The Panic of 1819 hit Western farmers hard, for by the end of the year there was no money from unsold crops to pay mortgages or other debts. Shortly before the slump began, Isaac had sold several ox-teams and a dozen cattle on credit to raise money to pay his mortgage. He was unable to collect more than the first payments, for the purchasers' funds, like those of everyone else, had dried up. Isaac's face became set in a worried cast, and he looked like a man who was trying desperately to claw his way out of powerful quicksand that was slowly sucking him under.

Troubled by his expression, Candace asked one day, “Papa, are you worried about something, or aren't you feeling well?”

He gazed at her sadly. “I wanted to leave you a good farm,” he told her, “but there's no money to be had and the bankers won't wait. By next year they'll foreclose and turn us out.” He suddenly looked old and careworn.

“Don't worry about it, Papa,” Candace said, hugging him. “We'll get along somehow.” Ellis looked at Isaac, saddened to see him so forlorn.

“That's right,” he said, trying to sound cheerful. “Arkansas has just been made a territory. There's lots of good grass there and woods enough so there's plenty of mast for hogs. I've seen it. Let's pack up and take the cattle and hogs there. We can squat on some good land and buy it when things get better. You've been workin' too hard at farmin' anyway. Raisin' stock ain't that much work.”

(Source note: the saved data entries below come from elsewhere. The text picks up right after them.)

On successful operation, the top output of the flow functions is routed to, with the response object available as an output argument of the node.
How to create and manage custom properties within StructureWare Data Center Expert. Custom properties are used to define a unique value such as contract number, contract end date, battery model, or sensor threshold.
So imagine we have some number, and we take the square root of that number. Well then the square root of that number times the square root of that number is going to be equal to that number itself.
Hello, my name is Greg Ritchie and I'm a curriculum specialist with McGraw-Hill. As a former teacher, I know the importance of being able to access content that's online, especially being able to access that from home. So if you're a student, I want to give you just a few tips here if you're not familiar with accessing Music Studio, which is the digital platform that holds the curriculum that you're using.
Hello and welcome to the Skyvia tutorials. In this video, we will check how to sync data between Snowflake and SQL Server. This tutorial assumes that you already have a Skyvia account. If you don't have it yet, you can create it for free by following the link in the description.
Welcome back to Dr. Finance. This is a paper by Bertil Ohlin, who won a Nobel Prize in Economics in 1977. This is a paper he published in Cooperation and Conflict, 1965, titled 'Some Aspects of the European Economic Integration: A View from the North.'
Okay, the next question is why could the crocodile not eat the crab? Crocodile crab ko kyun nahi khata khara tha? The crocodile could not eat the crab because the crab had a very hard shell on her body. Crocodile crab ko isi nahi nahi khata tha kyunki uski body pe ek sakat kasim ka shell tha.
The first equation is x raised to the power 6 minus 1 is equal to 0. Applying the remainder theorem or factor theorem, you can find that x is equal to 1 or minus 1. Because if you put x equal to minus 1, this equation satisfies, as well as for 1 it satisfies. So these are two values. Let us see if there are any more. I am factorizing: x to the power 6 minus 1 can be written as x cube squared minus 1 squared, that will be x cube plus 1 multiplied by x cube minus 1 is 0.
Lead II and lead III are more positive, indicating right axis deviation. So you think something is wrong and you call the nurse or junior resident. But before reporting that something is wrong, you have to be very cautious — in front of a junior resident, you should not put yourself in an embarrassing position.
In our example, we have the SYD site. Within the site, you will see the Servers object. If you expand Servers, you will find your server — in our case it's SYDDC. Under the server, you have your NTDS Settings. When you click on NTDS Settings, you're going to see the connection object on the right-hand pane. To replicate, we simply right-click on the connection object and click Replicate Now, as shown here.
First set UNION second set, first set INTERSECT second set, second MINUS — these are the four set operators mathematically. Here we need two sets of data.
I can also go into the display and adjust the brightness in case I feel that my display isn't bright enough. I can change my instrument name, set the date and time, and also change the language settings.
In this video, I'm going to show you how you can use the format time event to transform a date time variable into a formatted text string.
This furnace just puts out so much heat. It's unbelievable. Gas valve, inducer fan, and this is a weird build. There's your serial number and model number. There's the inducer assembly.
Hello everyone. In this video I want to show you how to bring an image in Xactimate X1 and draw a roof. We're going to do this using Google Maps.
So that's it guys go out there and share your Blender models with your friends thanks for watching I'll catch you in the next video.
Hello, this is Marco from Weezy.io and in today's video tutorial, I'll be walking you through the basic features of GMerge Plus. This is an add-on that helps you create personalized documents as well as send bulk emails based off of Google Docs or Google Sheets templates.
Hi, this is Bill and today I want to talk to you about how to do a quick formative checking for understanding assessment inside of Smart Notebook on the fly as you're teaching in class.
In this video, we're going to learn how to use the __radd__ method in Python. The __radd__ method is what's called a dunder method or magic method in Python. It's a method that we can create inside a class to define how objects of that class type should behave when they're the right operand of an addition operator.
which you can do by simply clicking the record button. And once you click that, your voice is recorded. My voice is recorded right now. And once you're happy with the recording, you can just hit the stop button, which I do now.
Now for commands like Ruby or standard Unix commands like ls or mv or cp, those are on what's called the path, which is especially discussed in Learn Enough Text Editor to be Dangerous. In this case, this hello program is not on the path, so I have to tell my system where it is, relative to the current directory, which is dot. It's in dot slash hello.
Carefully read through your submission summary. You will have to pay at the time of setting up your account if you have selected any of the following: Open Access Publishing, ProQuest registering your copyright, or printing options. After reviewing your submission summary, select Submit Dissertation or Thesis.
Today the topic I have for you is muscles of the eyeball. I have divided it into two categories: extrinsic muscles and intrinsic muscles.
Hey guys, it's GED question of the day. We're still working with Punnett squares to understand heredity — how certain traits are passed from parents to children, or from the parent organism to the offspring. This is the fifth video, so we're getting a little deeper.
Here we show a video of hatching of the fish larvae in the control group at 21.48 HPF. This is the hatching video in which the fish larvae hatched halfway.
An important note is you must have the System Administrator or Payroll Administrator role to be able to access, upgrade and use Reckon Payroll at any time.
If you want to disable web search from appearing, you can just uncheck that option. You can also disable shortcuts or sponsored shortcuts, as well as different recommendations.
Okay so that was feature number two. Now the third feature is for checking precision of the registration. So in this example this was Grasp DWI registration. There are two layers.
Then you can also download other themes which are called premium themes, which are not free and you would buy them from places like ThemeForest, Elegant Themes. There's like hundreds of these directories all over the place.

Isaac's face brightened a little. “I guess we don't have much choice,” he said. “We're lucky there's somewhere to go. At least we've got enough clothes and tools and stock to get us by for a few years. Maybe by then things will be better and I can collect what's owed me.”

In the spring of 1820, they loaded Isaac's big farm wagon, hitched two ox teams to it, and headed west. Candace rode in the wagon while Isaac walked beside the plodding oxen, goad in hand. On horseback, Ellis and two farm youths they'd hired drove the herd of about fifty beef cattle and more than twenty hogs. After a day or two of travel, the animals followed the wagon without trying to turn aside frequently. In a month of slow travel they reached the frontier town of Little Rock, where they rested a few days before continuing on to the southwest. Ellis was relieved to see that Isaac seemed excited about the move and was looking forward to raising cattle on the range.

In two more weeks they reached a little settlement of cabins, each with its own cornfield, where they stopped for a day. “Are there more settlers beyond here?” Ellis asked one of the men.

“Nope, leastwise not yet. This is kinda the end of the line,” he replied.

“We're lookin' for a place where both cattle and hogs will do well,” Ellis said. “Any suggestions?”

“ ‘Bout thirty mile on you come to Smackover Crick. It's real fine country, and ain't nobody nearer than us.”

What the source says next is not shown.